“‘Tis proclaimed in the gospel
- that God is willing again to receive us into His favor, to pardon all our sins, to quit all enmity, to bury all former difference and to be our friend and our Father;
- that He is willing again to admit us to sweet communion with Him, and that He will converse with us as friendly and intimately as He did before the Fall;
- that God is willing to receive us to paradise again, to a like freedom from all grief and trouble;
- that He will wipe away all tears from our eyes, and that sorrow and sighing shall flee away;
- that He will make us to forget our former melancholic, forsaken, and doleful state;
- that we may be again admitted to as great a fullness of blessings, to as pleasant and delightful a dwelling place as the garden of Eden, as full of those things which tend the delight of life, to pleasures as refreshing and satisfying;
- that we shall be as free from want, and the curse shall be removed, and all frowns and tokens of displeasure. The world shall again smile upon us and congratulate us.

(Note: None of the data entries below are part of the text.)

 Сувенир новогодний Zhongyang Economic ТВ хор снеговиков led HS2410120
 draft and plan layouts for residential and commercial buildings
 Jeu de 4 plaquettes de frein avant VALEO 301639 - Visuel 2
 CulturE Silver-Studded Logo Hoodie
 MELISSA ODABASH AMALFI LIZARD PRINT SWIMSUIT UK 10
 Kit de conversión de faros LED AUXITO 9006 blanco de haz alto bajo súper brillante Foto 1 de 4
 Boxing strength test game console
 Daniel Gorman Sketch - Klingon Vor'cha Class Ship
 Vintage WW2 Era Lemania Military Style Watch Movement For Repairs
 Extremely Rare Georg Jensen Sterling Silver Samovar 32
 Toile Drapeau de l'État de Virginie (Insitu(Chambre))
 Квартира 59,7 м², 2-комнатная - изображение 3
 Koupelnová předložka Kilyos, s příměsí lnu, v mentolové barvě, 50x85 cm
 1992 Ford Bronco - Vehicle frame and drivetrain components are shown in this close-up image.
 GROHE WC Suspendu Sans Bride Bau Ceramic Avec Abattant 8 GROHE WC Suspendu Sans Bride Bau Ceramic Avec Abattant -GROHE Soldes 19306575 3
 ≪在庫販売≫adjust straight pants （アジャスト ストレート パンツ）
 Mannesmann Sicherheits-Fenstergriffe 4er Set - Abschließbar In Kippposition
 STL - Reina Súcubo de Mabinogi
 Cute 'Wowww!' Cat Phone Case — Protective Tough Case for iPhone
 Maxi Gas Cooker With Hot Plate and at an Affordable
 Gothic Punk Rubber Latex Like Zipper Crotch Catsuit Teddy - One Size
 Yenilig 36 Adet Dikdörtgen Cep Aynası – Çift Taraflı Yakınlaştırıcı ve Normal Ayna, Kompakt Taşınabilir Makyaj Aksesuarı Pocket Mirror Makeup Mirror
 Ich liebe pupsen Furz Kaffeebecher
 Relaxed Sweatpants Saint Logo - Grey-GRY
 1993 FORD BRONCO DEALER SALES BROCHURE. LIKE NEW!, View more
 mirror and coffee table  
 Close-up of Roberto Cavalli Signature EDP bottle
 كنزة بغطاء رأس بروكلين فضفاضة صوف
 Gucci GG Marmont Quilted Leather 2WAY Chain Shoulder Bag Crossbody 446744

God will be our friend and the angels shall be our friends, and all things shall be at peace with us, and we shall enjoy as great and uninterrupted a pleasure in mutual society. The wrath of God drove us out of paradise, but the grace of God invites us to return.
The Son of God in the name of His Father comes and calls to us to return from our banishment. He ceases not to call us. He beseeches us to return again. He is come forth on purpose to make known those joyful tidings to us.
Christ calls us away from this cursed ground that brings forth briars and thorns, to a better country. Our first parents were driven away very loath and unwilling to go, but we are invited back again.”
–Jonathan Edwards, “East of Eden,” in Sermons and Discourses, 1730–1733, The Works of Jonathan Edwards, Volume 17, Ed. Mark Valeri and Harry S. Stout (New Haven; London: Yale University Press, 1999), 17: 342–343.